▸ Input data
——
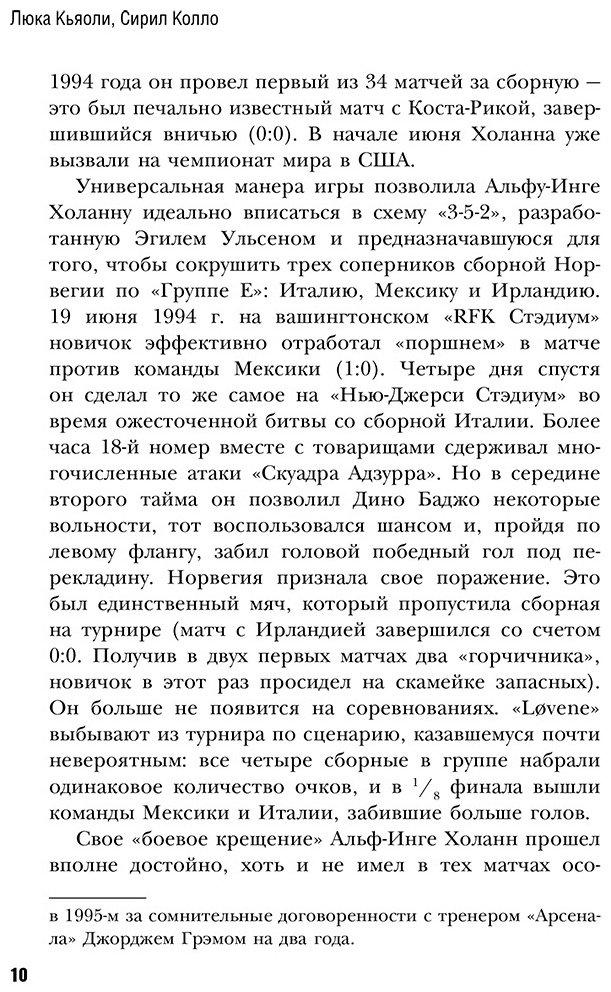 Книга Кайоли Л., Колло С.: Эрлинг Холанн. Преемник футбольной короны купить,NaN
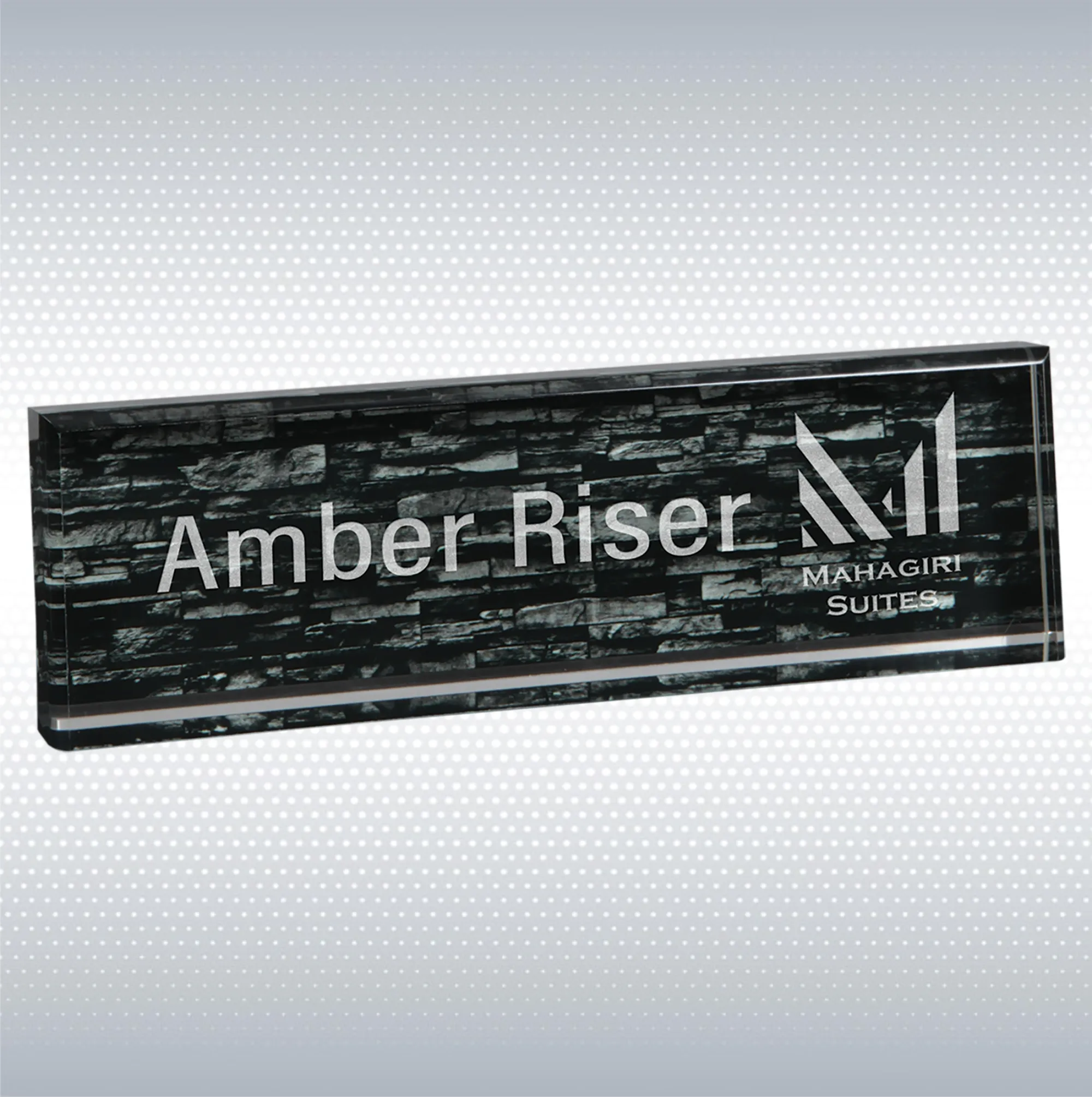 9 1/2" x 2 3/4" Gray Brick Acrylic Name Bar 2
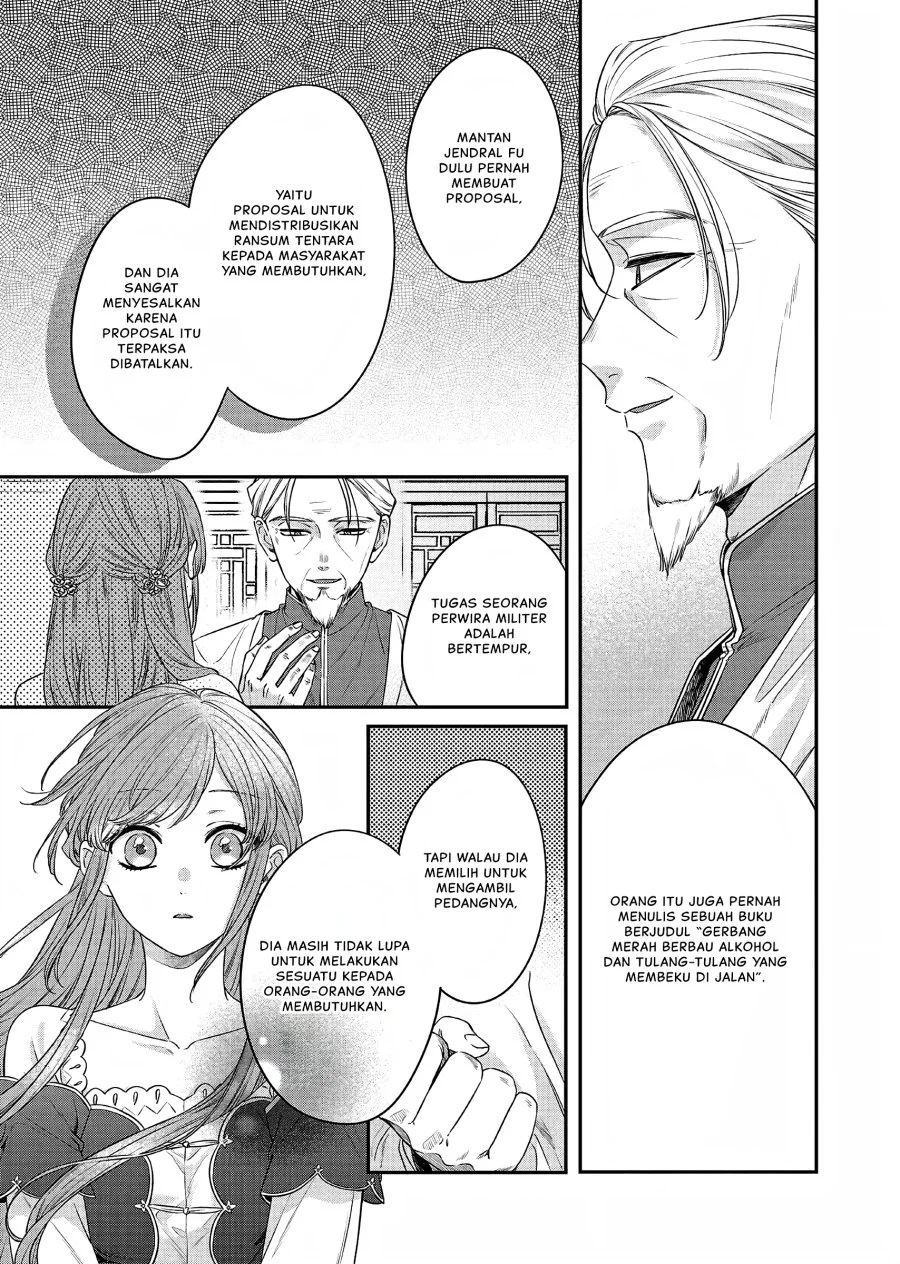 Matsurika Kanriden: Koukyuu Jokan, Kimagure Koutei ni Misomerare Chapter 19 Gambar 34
——
▸ Problem to work on
The whole listing must be transcribed exactly. No pictures belong in the copy.

▸ Solution to this task
 Книга Кайоли Л., Колло С.: Эрлинг Холанн. Преемник футбольной короны купить,NaN
 9 1/2" x 2 3/4" Gray Brick Acrylic Name Bar 2
 Matsurika Kanriden: Koukyuu Jokan, Kimagure Koutei ni Misomerare Chapter 19 Gambar 34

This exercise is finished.